Wealth and wealth distribution: The poor are not poor because the rich are rich. The focus has shifted too much in favour of taking away from the wealth creators and giving to wealth consumers – regardless of what is deserved. This has been a disincentive for wealth creation to the detriment of all. The distinction between poverty and being poor is being forgotten. A fight against poverty is laudable and desirable. There are two ways of attacking poverty and both are needed. There is a compassionate element and there is a sustainable element. The two are well illustrated by the saying “give the hungry man a fish or teach him how to fish”. Any attempt, however, to eliminate the poor is futile and meaningless. There will always be a distribution (thank goodness) and the bottom end will always be called “the poor” even if everybody is well above the “poverty line”. The traditional liberal/left line is focused on redistribution (deserved or undeserved) while the traditional conservative view is to promote wealth creation (and which assumes a trickle down). Here too the balance has to shift back towards “to each as he deserves” rather than “to each as he needs”.

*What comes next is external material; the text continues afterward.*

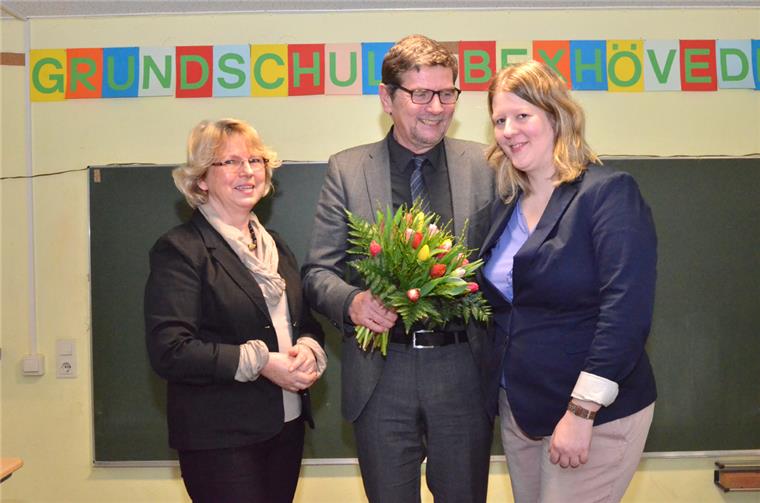 Neue Leiterin in Bexhöveder Schule Jasmin Claassen-Braun aus Hahnenknoop (rechts) ist die neue Leiterin der Grundschule in Bexhövede. 19 Monate, nachdem ihre langjährige Vorgängerin Juliane Meinefeld (links) in Pension gegangen war, ernannte Regierungsschuldirektor Manfred Kück (Mitte) die neue Rektorin. Foto Schmonsees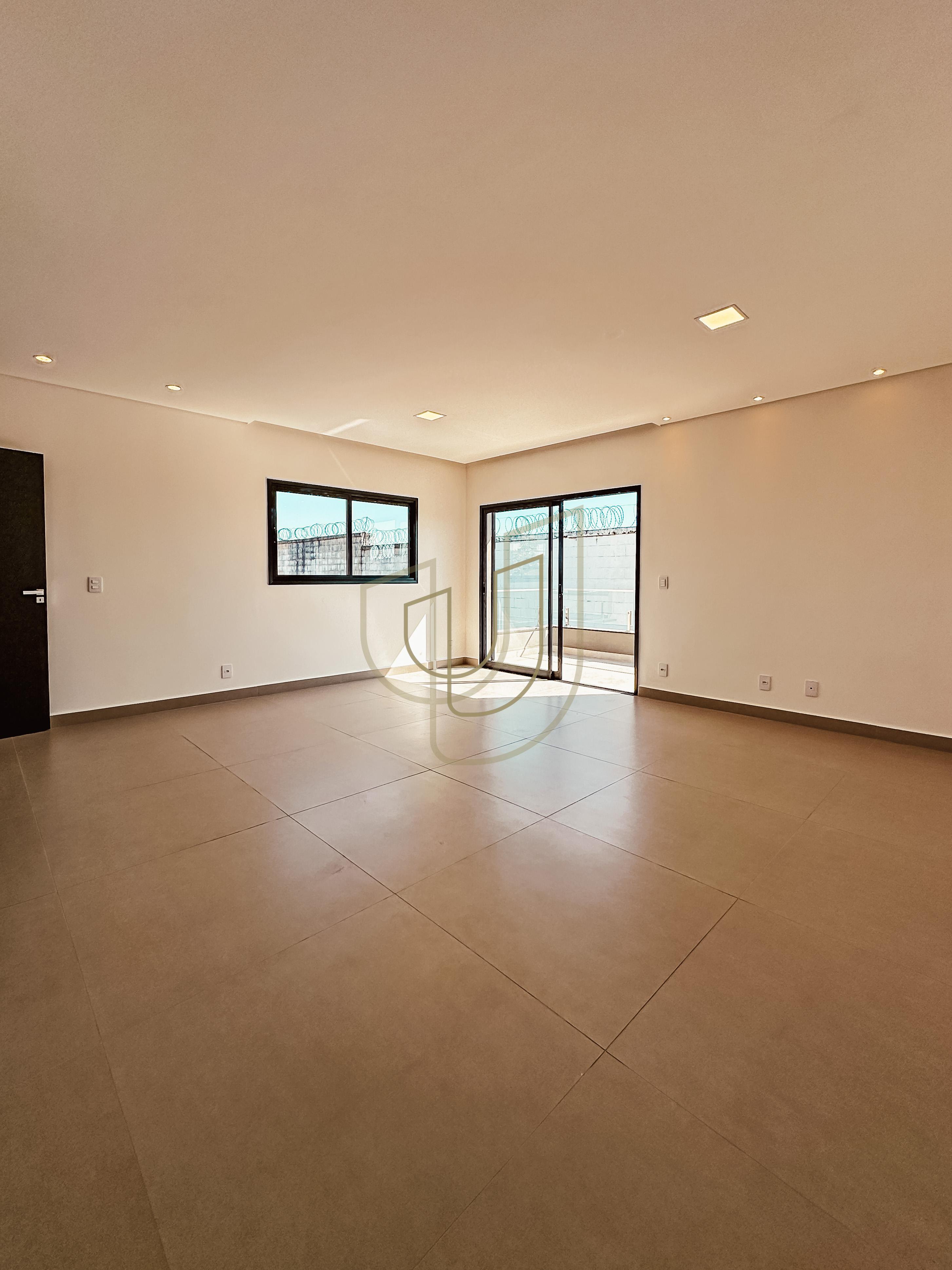 Sobrado sofisticado e moderno com 3 su&iacute;tes no Condom&iacute;nio Terras do Vale - Ca&ccedil;apava/SP  Caçapava -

Taxation: Ultimately taxation is always the confiscation of private property for the good of the majority as determined by the majority. The confiscation is always accompanied by an implied coercive element. It is the society versus the individual. There is nothing inherently wrong with that since any society can determine its own rules for individuals to be members of that society. Here too there is a balance to be struck and a pushback is needed. The balance needs to shift back towards promoting wealth creation and taxing wealth consumption. Taxation needs to shift back closer to the point of sale and further away from the production of wealth. In simple terms, more as sales taxes and less as income tax, more tax on sales of services and less on production of goods.
It is wait and see with Donald Trump. However the world does need a shift back towards the local interest guiding the global engagement rather than global rules being imposed on a local environment. Sovereign interests have to gain a greater sway in global organisations (UN, EU, IMF, WB ….), local manufacturing has to have a greater sway within multinational corporations, states have to have greater sway within central governments and towns have to have a greater sway within their states. Effective bilateral deals are needed rather than grandiose, global, multi-lateral ones.
Maybe Trump can help with that.
They can call it a scenario for analysis but what it really is, is wishful thinking at worst, or just the normal CNN perverted view of the world at best.